*** Opening of Supplied material ***
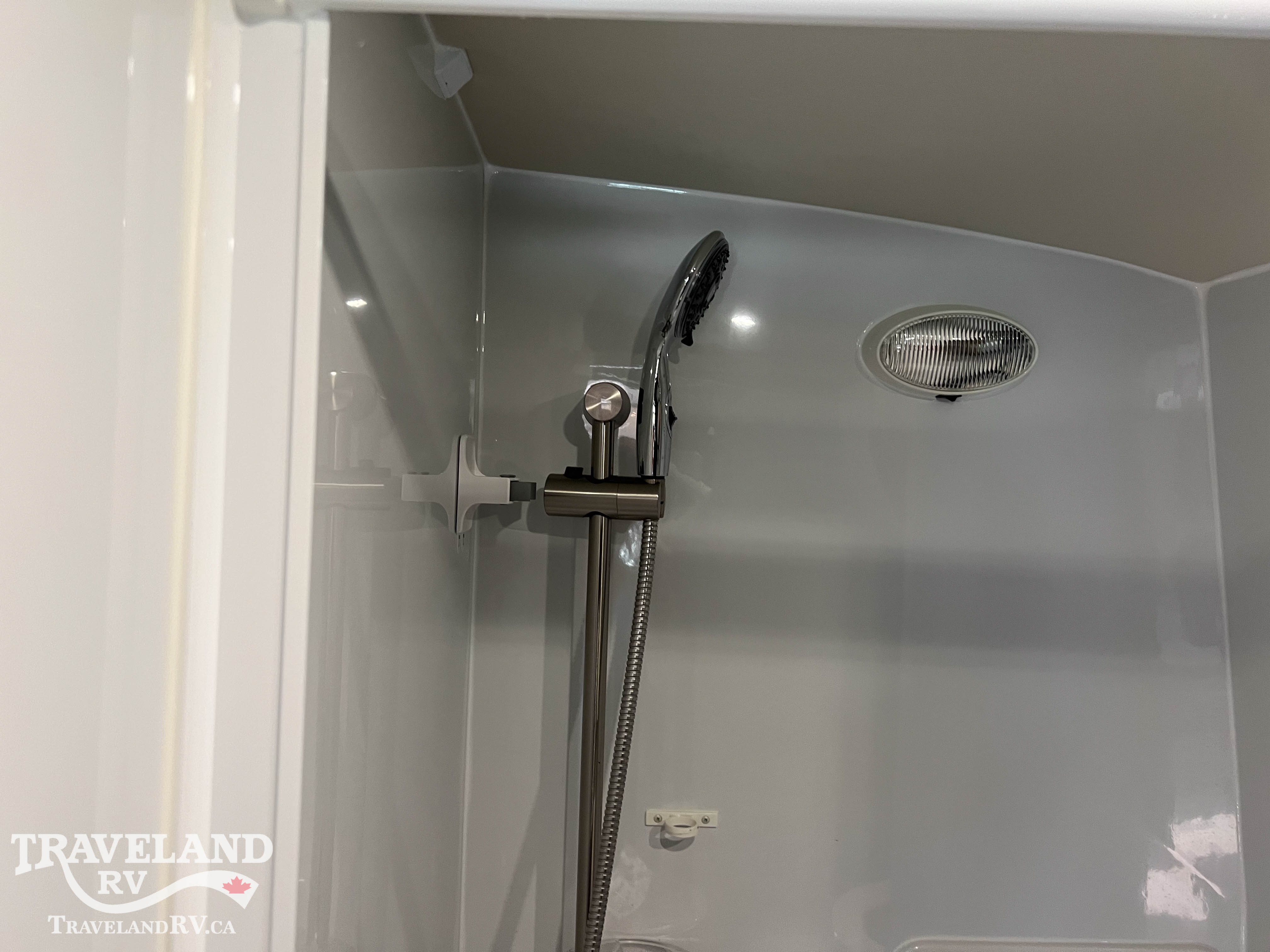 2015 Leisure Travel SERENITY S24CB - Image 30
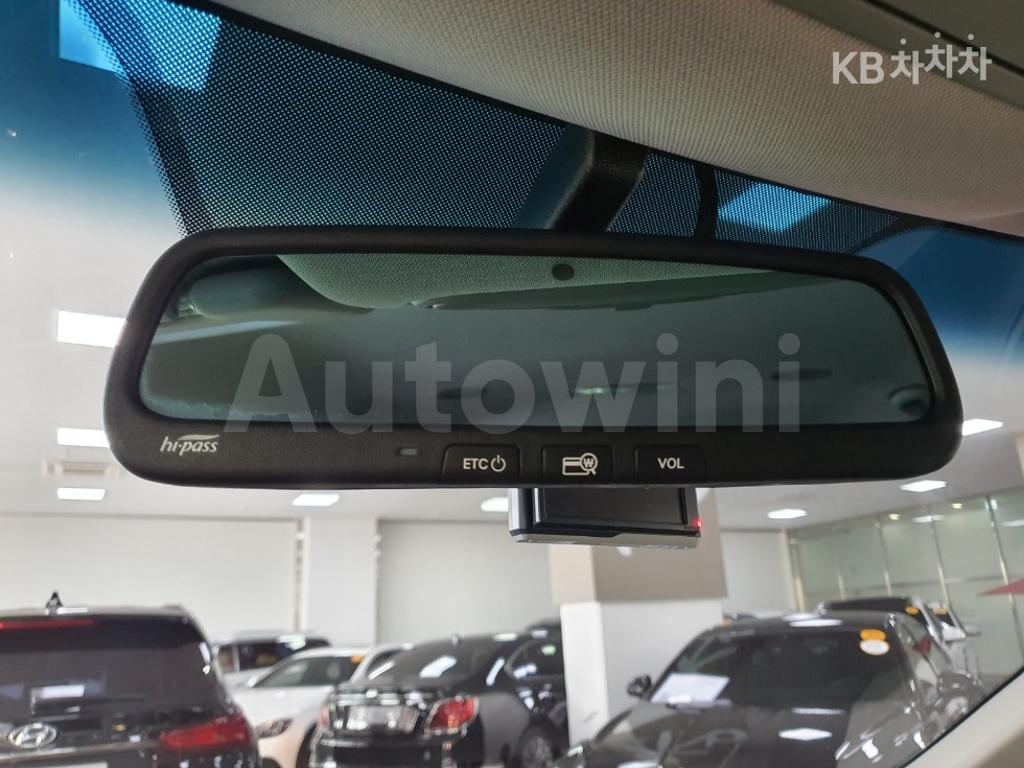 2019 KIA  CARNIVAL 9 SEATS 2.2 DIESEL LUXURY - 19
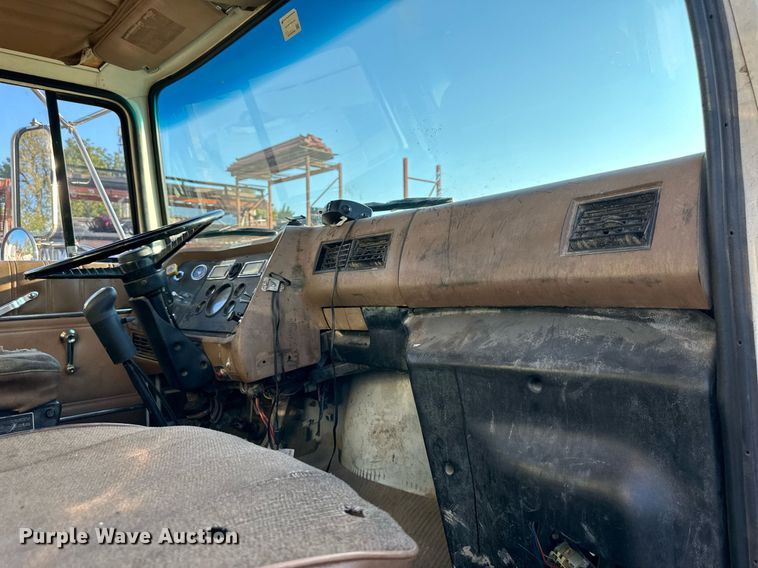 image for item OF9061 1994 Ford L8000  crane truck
*** Close of Supplied material ***
Assignment> Restate word for word only the lines that run from the line holding "LUXURY - 19" to the end of the data, both ends kept, leaving every picture out.

Answer>
 2019 KIA  CARNIVAL 9 SEATS 2.2 DIESEL LUXURY - 19
 image for item OF9061 1994 Ford L8000  crane truck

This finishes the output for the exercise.